For Inkelas, the pandemic has forced those working directly with undergraduates to focus on meeting students’ basic needs.
“While we may have focused on splashy programs in the past, this semester, what students needed most were those aspects that are the most basic in Maslow’s hierarchy of needs, like a safe place to live, sleep, and eat, a place where they felt that they mattered, someone who could help them navigate the university, even just a kind word or a periodic check-in,” Inkelas said.
Residential colleges have the capacity to fulfill these needs because they provide a smaller, more intimate community within the large university. Through the Residential Roots course and the Groves, Inkelas and her team made an explicit attempt to help students feel more connected and supported, despite the constraints of the necessary but restrictive COVID-19 policies.
While Inkelas says planning for the immediate future sometimes feels like a “fool’s errand,” her hope is that Hereford can continue to be a safe place for students to thrive, despite all that is happening around them.

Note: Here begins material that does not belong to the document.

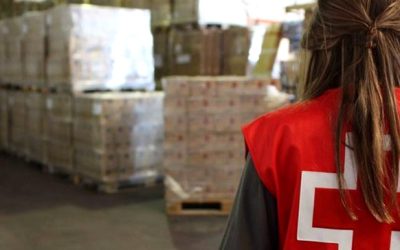Cruz Roja vuelve a confiar en Directia para el Plan de Alimentos 2016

For post-pandemic life, she like to continue to try to enhance students’ engagement and sense of belonging by continuing to tinker with the Residential Roots course and the Groves concept.
“I’d also like to partner more with other student communities like the other two residential colleges and the Echols Scholars Program because I feel that, together, we can offer so much more than we can do individually,” Inkelas said.
Most of all, Inkelas would like for more people to discover the hidden gem that is Hereford. For her, it is one of the most special places on Grounds.